In an interview at the agency’s headquarters in Rome, Beasley says: “I’m on their back because we have access issues out into different areas throughout Yemen. We need more people; they blocked our visas. We need equipment, they blocked our equipment, they blocked our access.”
Beasley, who visited Yemen two weeks ago, called the humanitarian situation there “desperate” and said the WFP needs access and money to avert a famine.
Meanwhile, Yemen’s warring sides agreed to a broad prisoner swap Thursday, sitting down in the same room together for the first time in years at U.N.-sponsored peace talks in Sweden aimed at halting a catastrophic war that has brought the country to the brink of famine.
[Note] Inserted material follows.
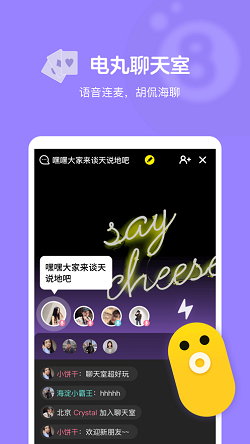 快手电丸(图2)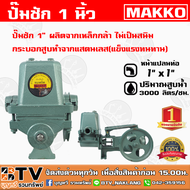 ปั๊มชัก NEW MAKKO ขนาด 1 นิ้ว 3000 ลิตร/ชม. ปั้มชัก ปั๊มดูดลึก ปั๊มน้ำ ปั๊มบาดาล สูบน้ำบาดาล ปั๊มน้ำ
Hopes were high that talks wouldn’t deteriorate into further violence as in the past, and that the prisoner exchange would be an important first step toward building confidence between highly distrustful adversaries.
Serious About De-Escalating the Fighting
U.N. envoy Martin Griffiths said the two sides have signaled they are serious about de-escalating the fighting through calls they’ve made in recent weeks, and urged them to work to further reduce the violence in the Arab world’s poorest nation, scene of massive civilian suffering.
“I’m also pleased to announce the signing of an agreement on the exchange of prisoners, detainees, the missing, the forcibly detained and individuals placed under house arrest,” Griffiths said from the venue. “It will allow thousands of families to be reunited, and it is product of very effective, active work from both delegations.”
The international Red Cross said it would oversee the prisoner exchange, which is expected to take weeks.
The talks in the Swedish town of Rimbo, north of Stockholm, aim to set up “a framework for negotiations” on a future peace agreement, Griffiths said, calling the coming days a milestone nonetheless and urging the parties “to work in good faith … to deliver a message of peace.”
The fighting in Yemen has generated the world’s worst humanitarian crisis and claimed at least 10,000 lives, with experts estimating a much higher toll. The 3-year-old conflict pits the internationally recognized government, which is backed by a Saudi-led coalition, against Shiite rebels, known as Houthis, who took the capital, Sanaa, in 2014.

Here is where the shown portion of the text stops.